# 2015 Audi A3 20% tint



## bcjc78 (Feb 16, 2010)

Just posting this photos for those people debating on tint percentages now or in the future. 20% tint all around, completed by Shades of Gray Tinting in Trevose, PA. Wife was thinking of going with 30% but when she saw another white car at the shop with 30% she decided on going to 20%.

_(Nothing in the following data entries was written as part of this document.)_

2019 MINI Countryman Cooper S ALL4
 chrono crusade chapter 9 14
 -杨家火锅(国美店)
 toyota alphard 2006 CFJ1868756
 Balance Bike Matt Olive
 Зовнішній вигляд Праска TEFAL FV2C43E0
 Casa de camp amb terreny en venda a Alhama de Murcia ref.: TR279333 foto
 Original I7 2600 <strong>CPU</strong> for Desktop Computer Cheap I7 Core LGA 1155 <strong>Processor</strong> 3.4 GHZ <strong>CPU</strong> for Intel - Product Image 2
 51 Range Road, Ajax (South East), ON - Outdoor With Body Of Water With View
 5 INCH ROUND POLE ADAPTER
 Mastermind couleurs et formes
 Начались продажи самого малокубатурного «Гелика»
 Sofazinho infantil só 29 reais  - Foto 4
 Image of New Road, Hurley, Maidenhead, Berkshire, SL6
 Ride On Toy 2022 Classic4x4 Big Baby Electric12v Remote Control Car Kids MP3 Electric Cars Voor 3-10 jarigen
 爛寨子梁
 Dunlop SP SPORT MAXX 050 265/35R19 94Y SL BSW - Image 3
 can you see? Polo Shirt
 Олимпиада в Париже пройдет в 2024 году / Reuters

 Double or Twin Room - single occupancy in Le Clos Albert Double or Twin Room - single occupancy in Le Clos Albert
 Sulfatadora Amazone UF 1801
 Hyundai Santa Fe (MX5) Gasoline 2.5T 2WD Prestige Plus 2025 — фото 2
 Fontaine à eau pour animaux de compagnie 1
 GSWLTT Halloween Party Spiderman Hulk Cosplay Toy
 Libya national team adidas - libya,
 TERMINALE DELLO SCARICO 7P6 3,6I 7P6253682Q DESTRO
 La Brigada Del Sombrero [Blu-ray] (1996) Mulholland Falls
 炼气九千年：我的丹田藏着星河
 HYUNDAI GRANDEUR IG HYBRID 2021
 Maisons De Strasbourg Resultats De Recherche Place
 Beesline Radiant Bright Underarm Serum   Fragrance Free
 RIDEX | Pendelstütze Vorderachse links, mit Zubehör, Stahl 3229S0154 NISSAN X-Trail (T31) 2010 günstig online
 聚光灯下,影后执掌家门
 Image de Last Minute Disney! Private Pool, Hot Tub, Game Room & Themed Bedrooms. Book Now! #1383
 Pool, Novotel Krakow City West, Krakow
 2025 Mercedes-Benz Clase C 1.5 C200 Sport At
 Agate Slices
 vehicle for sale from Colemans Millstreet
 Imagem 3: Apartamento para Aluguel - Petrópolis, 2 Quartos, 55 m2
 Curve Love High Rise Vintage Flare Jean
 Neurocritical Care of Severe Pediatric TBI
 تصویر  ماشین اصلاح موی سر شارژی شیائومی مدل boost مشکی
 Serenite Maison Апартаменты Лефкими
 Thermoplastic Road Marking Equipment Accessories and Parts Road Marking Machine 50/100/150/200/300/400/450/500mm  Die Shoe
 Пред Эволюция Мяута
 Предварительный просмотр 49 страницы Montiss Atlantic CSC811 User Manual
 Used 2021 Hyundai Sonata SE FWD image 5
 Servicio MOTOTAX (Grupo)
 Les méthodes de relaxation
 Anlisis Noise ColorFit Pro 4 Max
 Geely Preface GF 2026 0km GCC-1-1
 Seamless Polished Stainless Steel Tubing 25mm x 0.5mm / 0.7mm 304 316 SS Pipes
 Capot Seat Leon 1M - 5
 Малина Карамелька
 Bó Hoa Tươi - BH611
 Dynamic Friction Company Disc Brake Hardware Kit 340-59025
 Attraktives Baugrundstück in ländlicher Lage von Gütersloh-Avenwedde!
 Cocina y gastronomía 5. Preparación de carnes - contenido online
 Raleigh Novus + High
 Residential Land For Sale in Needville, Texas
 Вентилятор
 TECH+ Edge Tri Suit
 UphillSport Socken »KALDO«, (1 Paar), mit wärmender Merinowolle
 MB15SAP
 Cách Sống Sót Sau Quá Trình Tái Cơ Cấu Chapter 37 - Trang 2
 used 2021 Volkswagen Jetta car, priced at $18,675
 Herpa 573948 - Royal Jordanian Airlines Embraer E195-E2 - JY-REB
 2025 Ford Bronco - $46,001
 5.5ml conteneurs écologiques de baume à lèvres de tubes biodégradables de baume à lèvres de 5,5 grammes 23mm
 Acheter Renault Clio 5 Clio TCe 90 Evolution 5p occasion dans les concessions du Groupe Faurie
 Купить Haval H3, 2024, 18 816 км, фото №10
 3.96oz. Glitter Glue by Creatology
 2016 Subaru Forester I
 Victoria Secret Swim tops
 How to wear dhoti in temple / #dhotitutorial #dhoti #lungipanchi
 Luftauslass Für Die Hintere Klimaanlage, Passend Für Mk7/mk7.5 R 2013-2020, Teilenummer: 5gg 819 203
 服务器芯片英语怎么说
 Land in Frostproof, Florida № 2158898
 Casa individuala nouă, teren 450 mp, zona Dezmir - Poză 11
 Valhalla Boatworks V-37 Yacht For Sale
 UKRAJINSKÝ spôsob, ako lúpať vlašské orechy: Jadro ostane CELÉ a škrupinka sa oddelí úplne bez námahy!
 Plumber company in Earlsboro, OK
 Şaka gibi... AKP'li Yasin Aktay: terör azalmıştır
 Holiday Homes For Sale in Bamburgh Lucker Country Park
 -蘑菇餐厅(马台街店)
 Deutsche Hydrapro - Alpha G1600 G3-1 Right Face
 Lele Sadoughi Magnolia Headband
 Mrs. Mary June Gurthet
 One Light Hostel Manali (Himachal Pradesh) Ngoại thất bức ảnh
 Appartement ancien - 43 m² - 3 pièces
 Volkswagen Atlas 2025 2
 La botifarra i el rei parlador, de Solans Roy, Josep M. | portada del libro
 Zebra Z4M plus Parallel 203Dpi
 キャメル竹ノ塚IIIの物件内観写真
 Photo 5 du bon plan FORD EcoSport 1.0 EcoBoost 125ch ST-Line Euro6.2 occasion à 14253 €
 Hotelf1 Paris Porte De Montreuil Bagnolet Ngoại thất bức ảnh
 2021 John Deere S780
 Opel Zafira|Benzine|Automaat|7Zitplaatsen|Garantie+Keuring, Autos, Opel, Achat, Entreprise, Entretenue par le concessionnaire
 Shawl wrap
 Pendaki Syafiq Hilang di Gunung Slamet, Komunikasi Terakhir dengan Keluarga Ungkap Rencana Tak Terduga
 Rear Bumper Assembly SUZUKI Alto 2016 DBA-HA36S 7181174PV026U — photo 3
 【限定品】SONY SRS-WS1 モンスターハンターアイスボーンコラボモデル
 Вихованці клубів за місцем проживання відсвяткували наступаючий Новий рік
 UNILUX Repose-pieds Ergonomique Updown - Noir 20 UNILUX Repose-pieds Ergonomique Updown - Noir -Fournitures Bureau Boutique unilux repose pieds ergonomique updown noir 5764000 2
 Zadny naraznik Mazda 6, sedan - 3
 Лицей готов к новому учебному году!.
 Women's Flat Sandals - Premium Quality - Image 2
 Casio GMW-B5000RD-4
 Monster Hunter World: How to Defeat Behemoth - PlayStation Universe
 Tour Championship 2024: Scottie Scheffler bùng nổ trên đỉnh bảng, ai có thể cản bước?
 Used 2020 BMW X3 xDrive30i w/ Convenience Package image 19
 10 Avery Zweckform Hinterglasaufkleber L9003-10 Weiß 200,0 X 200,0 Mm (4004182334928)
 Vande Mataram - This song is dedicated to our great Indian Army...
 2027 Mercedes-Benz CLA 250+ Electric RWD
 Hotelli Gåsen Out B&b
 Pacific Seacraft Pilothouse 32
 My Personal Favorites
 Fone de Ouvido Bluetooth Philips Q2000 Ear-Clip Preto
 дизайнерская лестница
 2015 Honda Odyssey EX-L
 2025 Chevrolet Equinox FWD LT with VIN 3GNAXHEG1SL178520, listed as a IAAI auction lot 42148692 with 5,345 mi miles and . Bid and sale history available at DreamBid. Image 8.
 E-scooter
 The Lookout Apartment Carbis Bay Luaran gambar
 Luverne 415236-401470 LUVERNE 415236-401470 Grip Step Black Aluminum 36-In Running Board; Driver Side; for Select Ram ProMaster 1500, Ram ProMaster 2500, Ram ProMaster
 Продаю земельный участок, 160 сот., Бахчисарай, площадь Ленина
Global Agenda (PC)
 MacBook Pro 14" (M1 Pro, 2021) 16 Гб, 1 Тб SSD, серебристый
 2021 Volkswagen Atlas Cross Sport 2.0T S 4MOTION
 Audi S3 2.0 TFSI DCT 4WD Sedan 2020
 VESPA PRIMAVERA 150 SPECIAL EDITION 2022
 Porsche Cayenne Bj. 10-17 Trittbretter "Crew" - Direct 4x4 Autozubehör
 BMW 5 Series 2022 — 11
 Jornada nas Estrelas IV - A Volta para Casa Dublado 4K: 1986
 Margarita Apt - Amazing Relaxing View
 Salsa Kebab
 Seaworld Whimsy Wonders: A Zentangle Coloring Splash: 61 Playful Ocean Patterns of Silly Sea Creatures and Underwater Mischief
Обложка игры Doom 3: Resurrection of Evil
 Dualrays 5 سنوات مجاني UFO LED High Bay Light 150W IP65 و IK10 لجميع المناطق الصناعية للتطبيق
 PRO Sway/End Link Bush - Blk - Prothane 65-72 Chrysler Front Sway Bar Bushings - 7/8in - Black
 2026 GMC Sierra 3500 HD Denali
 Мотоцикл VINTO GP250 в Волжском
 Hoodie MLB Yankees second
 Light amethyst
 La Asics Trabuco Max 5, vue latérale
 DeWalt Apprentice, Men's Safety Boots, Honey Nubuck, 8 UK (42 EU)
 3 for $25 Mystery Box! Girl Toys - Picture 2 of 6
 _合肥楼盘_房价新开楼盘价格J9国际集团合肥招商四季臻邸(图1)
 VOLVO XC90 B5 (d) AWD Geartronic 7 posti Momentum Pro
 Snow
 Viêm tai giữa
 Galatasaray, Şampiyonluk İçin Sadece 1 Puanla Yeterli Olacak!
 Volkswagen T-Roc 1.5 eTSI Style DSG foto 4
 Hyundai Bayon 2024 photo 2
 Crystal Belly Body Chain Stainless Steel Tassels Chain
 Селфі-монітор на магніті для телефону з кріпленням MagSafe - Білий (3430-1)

Last three pics are after a rain storm and a 400 mile round trip. The sky was still overcast.


----------



## EGainer (Feb 19, 2004)

Looks great. My shop quit doing 20, so my last three tints were 18%. S3 will have 18% as well. 

Car looks good


----------



## Bruticus (Aug 30, 2014)

Thanks for posting this. Tint is the next thing I need to get. What brand of tint is it?

Car looks awesome.


----------



## bcjc78 (Feb 16, 2010)

Per their website they use LLumar. My wife went to have the tint installed so I can't say for sure as the receipt doesn't list the brand. It wasn't anything exotic or extremely expensive.


----------



## Orangetree (May 11, 2014)

That looks great. Would you mind posting more pictures, bcjc78?


----------



## bcjc78 (Feb 16, 2010)

added a few more


----------



## Orangetree (May 11, 2014)

Thanks, bcjc78. You've helped my decision making, as our cars are nearly identical. Also, is your car on sport suspension?


----------



## bcjc78 (Feb 16, 2010)

*suspension*

Yes the car has the sport package which includes the sport suspension and the Drive Select button.


----------



## A3_yuppie (Jun 5, 2006)

bcjc78 said:


> Yes the car has the sport package which includes the sport suspension and the Drive Select button.


Sports suspension looks good. Would you say that the wheel gap is pretty much even all around the tire?


----------